Half-width of the box (in decimal degrees) around each anchor centroid within which fake site centroids are uniformly placed. Default 0.6.

jitter_deg

Within-site uniform jitter (in decimal degrees) added to each row's assigned site centroid. Default 0.05.

seed

Optional integer seed for reproducibility. The function uses withr::local_preserve_seed() so the caller's RNG state is left untouched.

Value

synth, with lat_col and lon_col overwritten by the re-anchored coordinates.

Details

Typical use: after mask() produces a synthetic with copula-drawn or missing coordinates, call synthesise_geospatial() to substitute plausible points. The synthetic ends up with:

the same number of distinct sites per anchor level

(e.g., if the original has five distinct trial sites in NSW, the synthetic will have five fake sites in NSW);

the original's per-site replication distribution

(each fake site receives a share of the synthetic rows proportional to its real counterpart's count);

within-site tight clustering and between-site spread

(small jitter within site; larger spread between sites within each anchor centroid's neighbourhood).

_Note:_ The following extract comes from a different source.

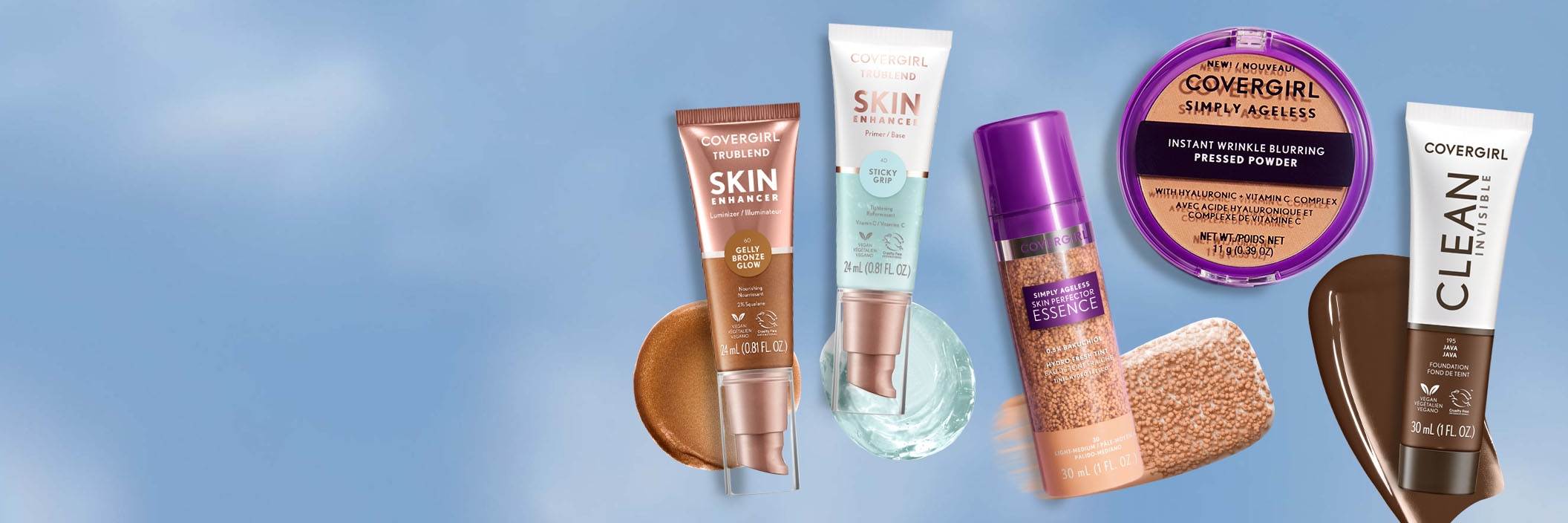 Covergirl BB cream 10-1 Discontinued hard selling to find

What the function does not preserve:

  • the real positions of the sites (they are random within a user-defined neighbourhood of each anchor centroid);

  • the relative spacing or bearings between real sites;

  • any spatial autocorrelation in the outcome.

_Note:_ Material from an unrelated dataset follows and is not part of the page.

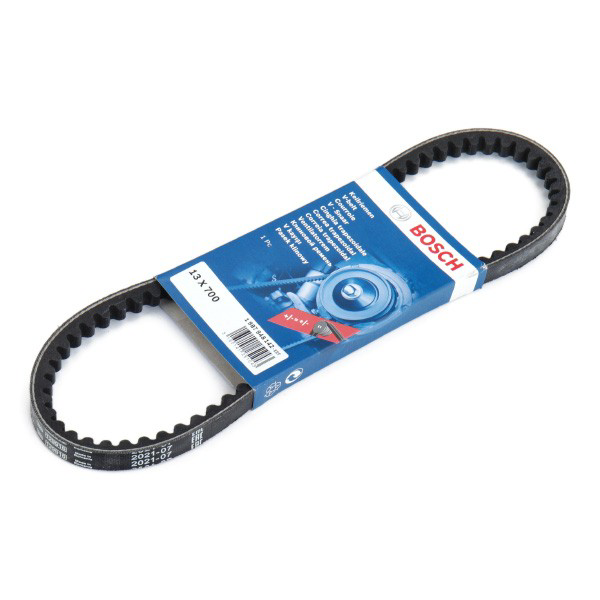 1987948142 Bosch Поликлиновый ремень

Coordinates that are NA in the original remain NA in the synthetic — the NA pattern is preserved cell-by-cell.

Examples

# \donttest{
# Toy example: 50 rows split across two states.
set.seed(1)
n  <- 50
df <- data.frame(
  state = sample(c("NSW", "VIC"), n, replace = TRUE),
  lat   = stats::rnorm(n, -33, 0.3),
  lon   = stats::rnorm(n, 145, 0.3),
  y     = stats::rnorm(n)
)
roles <- propose_roles(df, detect = FALSE)
roles$role[roles$col == "y"] <- "outcome"
roles$role[roles$col %in% c("lat", "lon")] <- "covariate"
roles$role[roles$col == "state"]            <- "design"
m  <- mask(df, roles, mode = "collaborate", seed = 1L)
#> Warning: audit_mask() flagged HIGH leakage on column(s): lat, lon
centroids <- list(
  NSW = c(lat = -32.5, lon = 147),
  VIC = c(lat = -36.5, lon = 144)
)
synth_geo <- synthesise_geospatial(
  synthetic(m), df,
  anchor_col = "state", lat_col = "lat", lon_col = "lon",
  anchor_centroids = centroids, seed = 2L
)
head(synth_geo[, c("state", "lat", "lon")])
#> # A tibble: 6 × 3
#>   state   lat   lon
#>   <chr> <dbl> <dbl>
#> 1 NSW   -33.0  147.
#> 2 VIC   -36.8  144.
#> 3 NSW   -32.2  147.
#> 4 NSW   -32.9  147.
#> 5 VIC   -36.7  144.
#> 6 NSW   -32.9  146.
# }